# The data
○ ○ ○ ○ ○

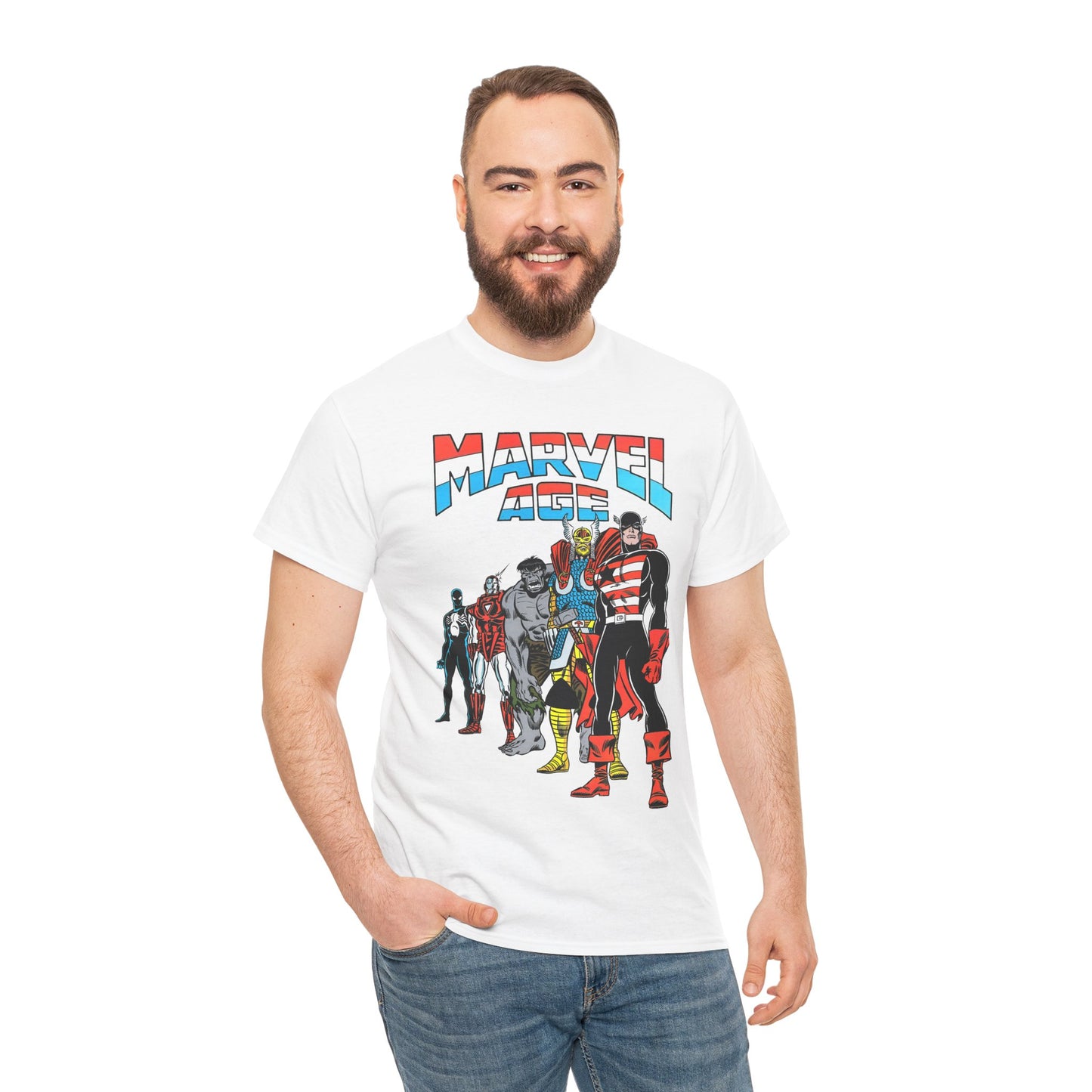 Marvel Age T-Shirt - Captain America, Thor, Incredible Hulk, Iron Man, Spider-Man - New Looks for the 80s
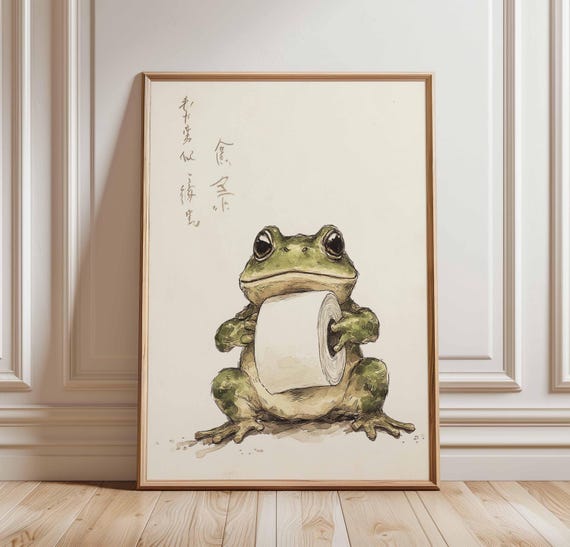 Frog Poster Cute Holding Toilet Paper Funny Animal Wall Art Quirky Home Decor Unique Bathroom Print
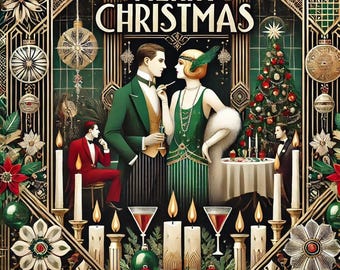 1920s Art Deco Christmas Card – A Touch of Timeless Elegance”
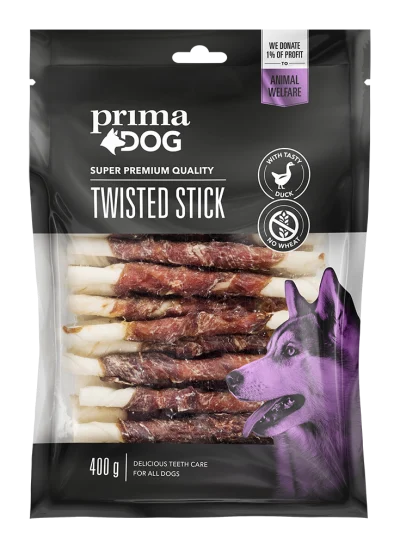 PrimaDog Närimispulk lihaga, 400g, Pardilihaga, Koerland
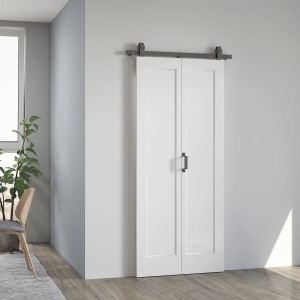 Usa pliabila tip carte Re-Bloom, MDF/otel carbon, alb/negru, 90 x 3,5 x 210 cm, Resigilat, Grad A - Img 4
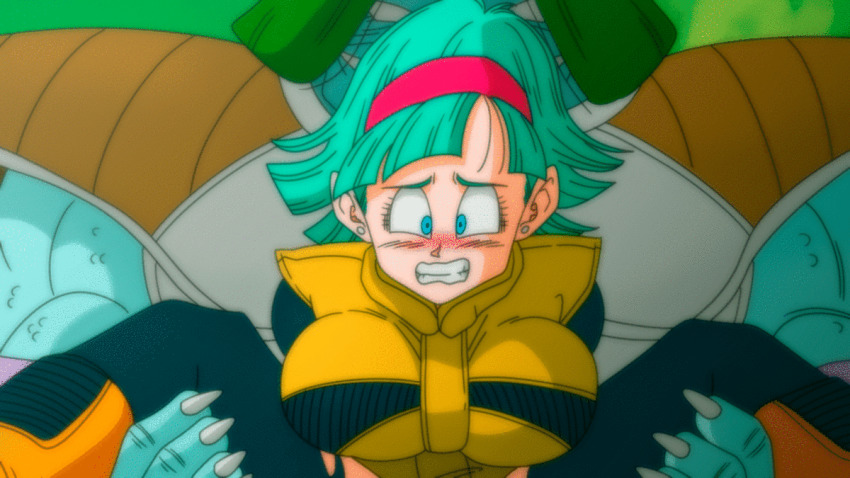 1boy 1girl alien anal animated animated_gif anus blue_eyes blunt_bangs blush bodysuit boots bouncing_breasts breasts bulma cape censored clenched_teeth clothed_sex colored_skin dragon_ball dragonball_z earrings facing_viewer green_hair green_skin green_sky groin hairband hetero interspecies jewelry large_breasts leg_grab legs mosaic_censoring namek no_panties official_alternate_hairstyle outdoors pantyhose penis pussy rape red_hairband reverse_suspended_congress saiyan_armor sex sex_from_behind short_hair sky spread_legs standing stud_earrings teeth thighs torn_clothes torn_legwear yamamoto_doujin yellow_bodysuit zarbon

○ ○ ○ ○ ○

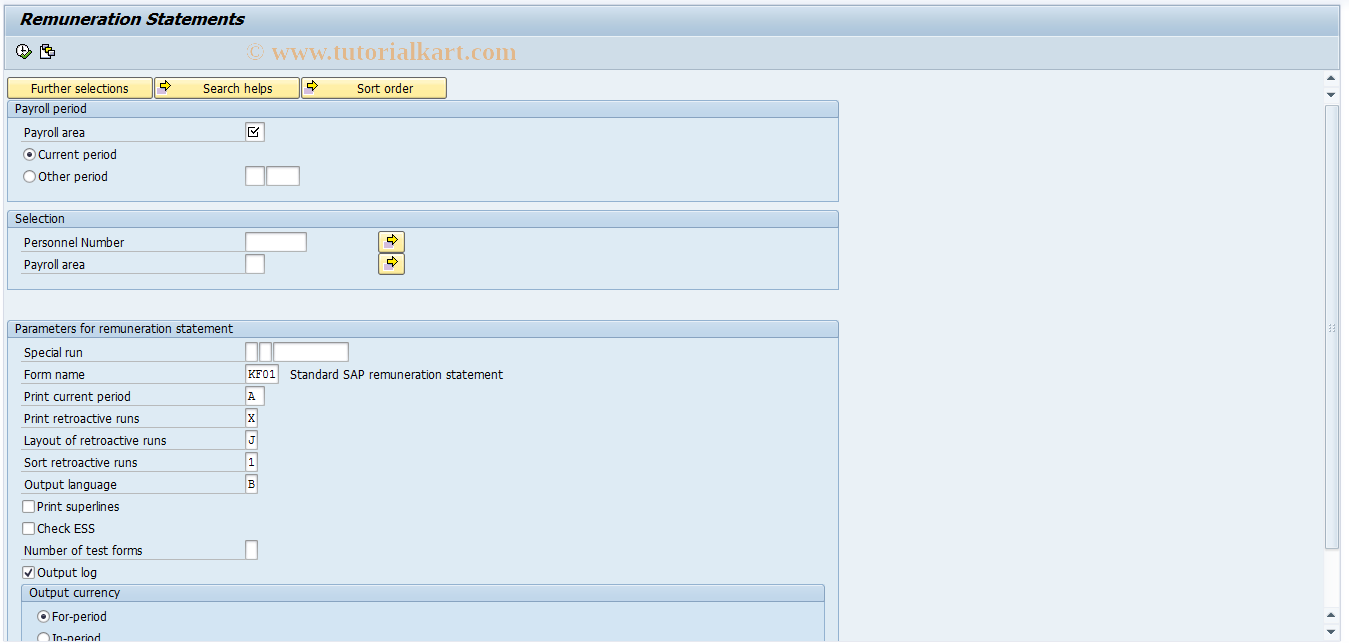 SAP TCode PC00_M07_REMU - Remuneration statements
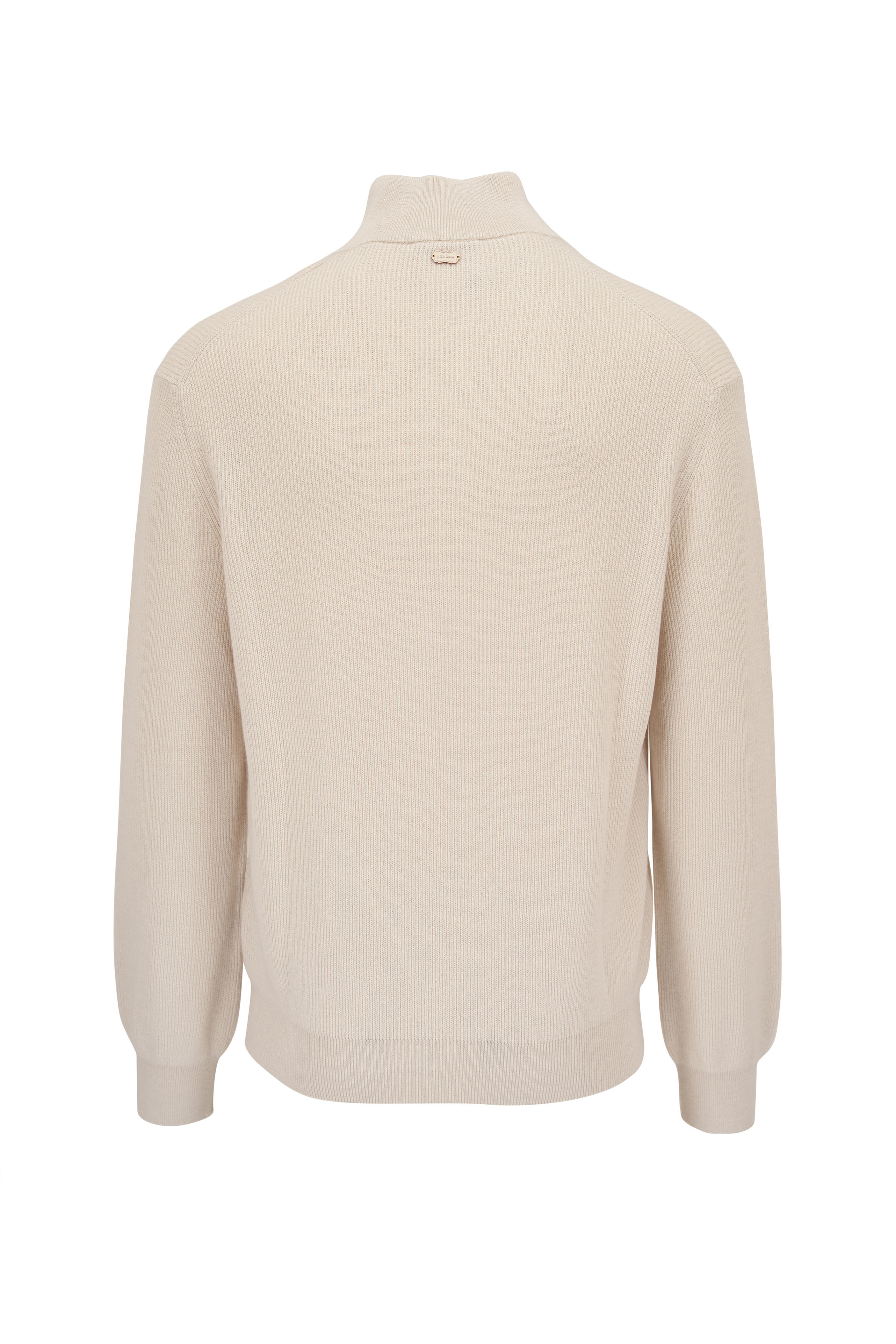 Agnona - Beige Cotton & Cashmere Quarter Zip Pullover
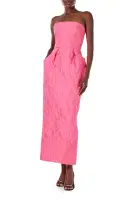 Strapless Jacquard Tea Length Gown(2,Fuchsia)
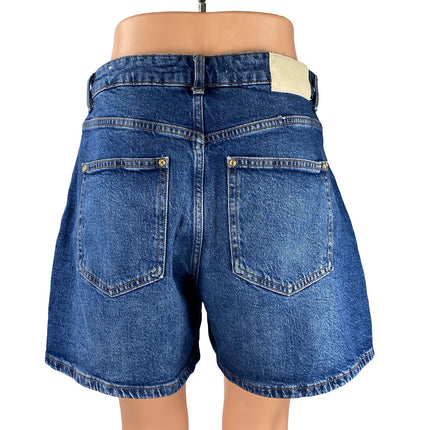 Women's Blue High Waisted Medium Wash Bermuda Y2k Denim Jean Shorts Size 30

○ ○ ○ ○ ○

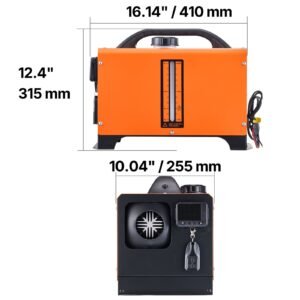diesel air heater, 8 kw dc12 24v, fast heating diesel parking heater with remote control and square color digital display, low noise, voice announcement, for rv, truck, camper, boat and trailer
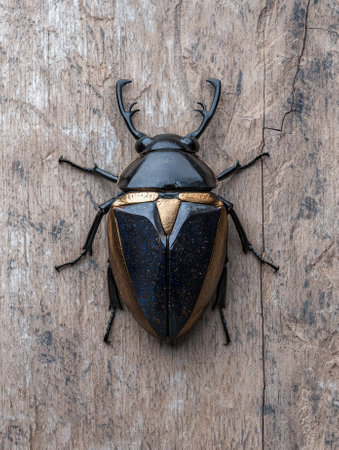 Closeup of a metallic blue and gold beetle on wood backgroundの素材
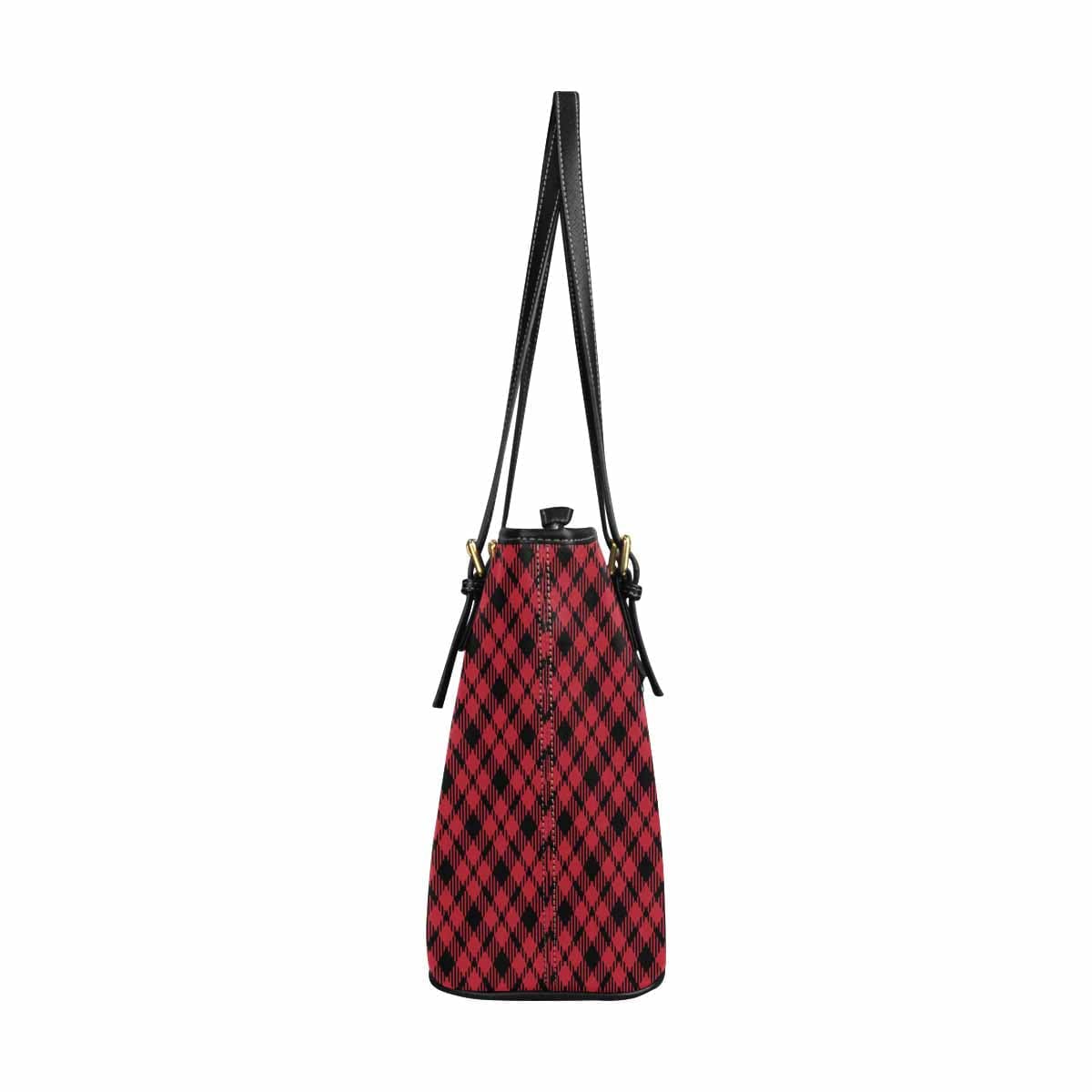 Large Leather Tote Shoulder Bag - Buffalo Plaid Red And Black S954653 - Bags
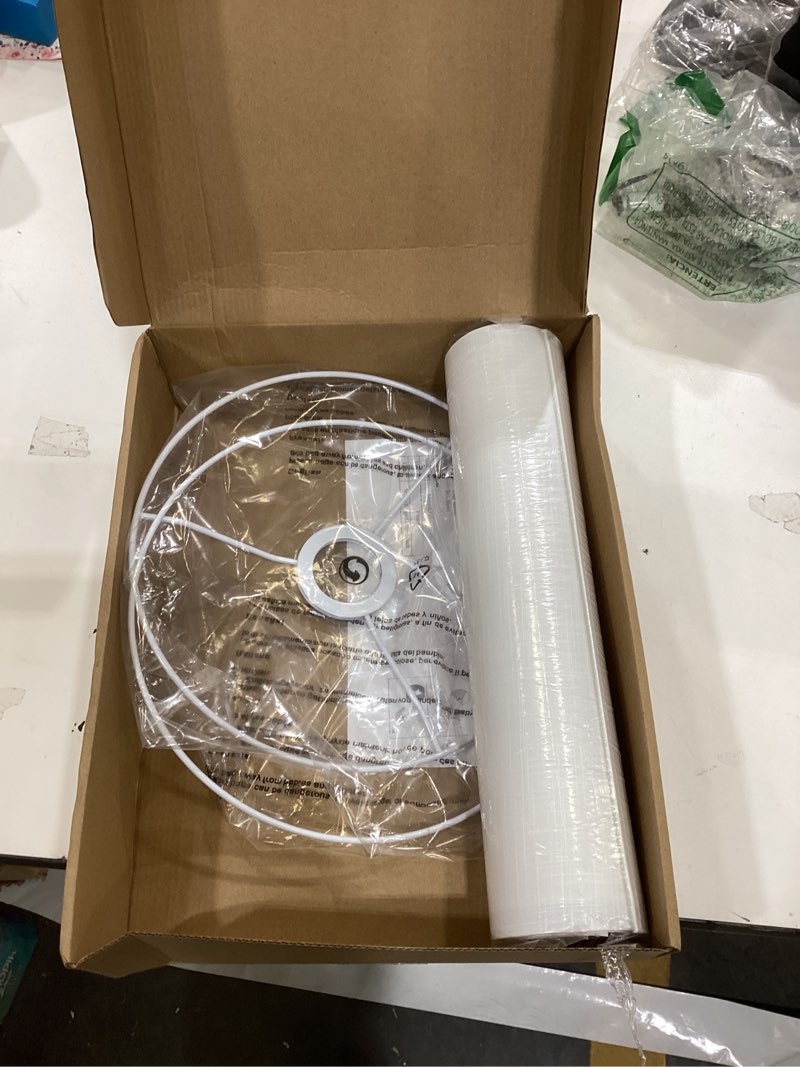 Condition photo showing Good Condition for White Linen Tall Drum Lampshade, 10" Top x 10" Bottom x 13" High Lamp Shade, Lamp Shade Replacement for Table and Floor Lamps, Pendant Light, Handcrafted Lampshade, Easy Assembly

○ ○ ○ ○ ○

# Task statement
Would you please reproduce the entries above, starting at the line with "Agnona - Beige" and stopping after the line with "Women's Blue High"? Omit any pictures.

# Finished exercise
 Agnona - Beige Cotton & Cashmere Quarter Zip Pullover
 Strapless Jacquard Tea Length Gown(2,Fuchsia)
 Women's Blue High Waisted Medium Wash Bermuda Y2k Denim Jean Shorts Size 30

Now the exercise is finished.